If you publish an affiliate link on your website or blog, it will redirect users to a different domain when clicked. Not all outbound links are bad for SEO.
On the contrary, some can help websites secure higher rankings. A study conducted by the U.K. digital marketing agency Reboot found that sites with a high number of authoritative outbound links ranked higher on Google than those with fewer and less-authoritative outbound links.
Unfortunately, most affiliate links aren’t very authoritative.
They often consist of a generic tracking domain that redirects to the merchant’s website. Therefore, publishing affiliate links on your website or blog won’t lead to higher rankings.
It may prove counterproductive to your SEO strategy by creating a direct connection between your website and one or more domains with less than desirable domain authority.
Another reason affiliate marketers use nofollow links is to compel search engines to crawl more of their website’s pages.
For single-page affiliate marketing websites and blogs, crawling shouldn’t be a concern.
If a website or blog has hundreds of pages, search engines may not crawl completely.
Nofollow links may help affiliate marketers get more of their website or blog’s pages crawled by search engines.
Search engines crawl standard links by following them and analyzing the content of a linked website.
When one of Google’s bots encounters a standard link, they’ll follow it to the target website.
As a result, Google will spend time and fewer resources crawling the original site where the standard link was published.
In regards to crawling, search engines treat nofollow links a little differently than standard web links.
Google and Bing use the nofollow tag as a hint to determine which websites they should crawl. If they stumble upon a nofollow link, the search engines may or may not crawl it.

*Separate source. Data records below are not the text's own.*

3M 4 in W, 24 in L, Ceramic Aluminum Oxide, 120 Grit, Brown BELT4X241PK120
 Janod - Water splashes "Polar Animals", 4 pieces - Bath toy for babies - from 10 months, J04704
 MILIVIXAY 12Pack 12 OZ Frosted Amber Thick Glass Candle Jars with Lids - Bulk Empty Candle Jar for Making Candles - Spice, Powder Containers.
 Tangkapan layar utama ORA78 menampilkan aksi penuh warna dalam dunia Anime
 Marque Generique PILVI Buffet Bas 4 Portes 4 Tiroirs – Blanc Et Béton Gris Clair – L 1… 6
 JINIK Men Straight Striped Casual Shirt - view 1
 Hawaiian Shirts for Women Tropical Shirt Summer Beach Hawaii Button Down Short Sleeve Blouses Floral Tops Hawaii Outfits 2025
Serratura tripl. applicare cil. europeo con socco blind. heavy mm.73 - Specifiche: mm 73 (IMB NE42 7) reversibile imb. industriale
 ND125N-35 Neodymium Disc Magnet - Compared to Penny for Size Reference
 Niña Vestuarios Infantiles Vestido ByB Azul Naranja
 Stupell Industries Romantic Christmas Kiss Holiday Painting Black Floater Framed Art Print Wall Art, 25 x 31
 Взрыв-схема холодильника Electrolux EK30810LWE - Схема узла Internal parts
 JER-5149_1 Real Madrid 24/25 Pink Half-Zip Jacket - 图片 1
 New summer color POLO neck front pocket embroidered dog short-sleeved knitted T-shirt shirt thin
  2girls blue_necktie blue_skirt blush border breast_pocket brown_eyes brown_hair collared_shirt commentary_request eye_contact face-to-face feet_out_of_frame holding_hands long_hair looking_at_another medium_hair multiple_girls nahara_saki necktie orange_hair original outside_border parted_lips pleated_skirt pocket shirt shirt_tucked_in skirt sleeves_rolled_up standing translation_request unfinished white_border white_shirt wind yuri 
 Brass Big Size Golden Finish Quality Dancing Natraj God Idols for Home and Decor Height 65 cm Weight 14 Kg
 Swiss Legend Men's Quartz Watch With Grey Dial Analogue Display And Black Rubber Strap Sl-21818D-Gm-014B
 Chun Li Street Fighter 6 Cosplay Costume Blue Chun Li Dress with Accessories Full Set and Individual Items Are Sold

And if Google or Bing doesn’t crawl a nofollow link, they’ll stay on the original website or blog where they can crawl more of its pages.
Use the Sponsored Tag for Affiliate Links
Rather than using the nofollow tag for your affiliate links, consider using the sponsored tag.
Google now supports nofollow, UGC, and sponsored tags for links. What is the sponsored tag exactly?
It’s an alternative link attribute explicitly designed for links associated with ads or sponsored content.
On Sept. 10, 2019, Google revealed the specifications for a couple of new link attributes, including the UGC tag and the sponsored tag.
The UGC tag is for links created by a website’s visitors, whereas the sponsored tag is for paid or sponsored links.
While affiliate networks don’t pay you for publishing them — they pay you for driving conversions — affiliate links are considered sponsored links.
After all, you have a financial incentive to publish and promote them.
Google doesn’t want sponsored links such as affiliate links to pass authority, so it advises webmasters to use the sponsored tag.
The sponsored tag works like the nofollow tag by minimizing a link’s SEO value.
An incentivized link, when used, will be given little to no weight by the search engine.
Shortly after releasing the new link attributes, Google’s John Mueller tweeted that affiliate marketers should use the sponsored tag for their links.
According to Mueller, affiliate links are perceived as bad by Google.
Nonetheless, the search trends analyst recommends affiliate marketers use the sponsored tag for their links.
You can still use the nofollow tag on your affiliate links. If your affiliate links already feature the nofollow tag, you can add the sponsored tag to them.
Alternatively, you can replace the nofollow tag with the sponsored tag.
Just remember to use at least one of these tags so that search engines will recognize your affiliate links for what they are: sponsored links.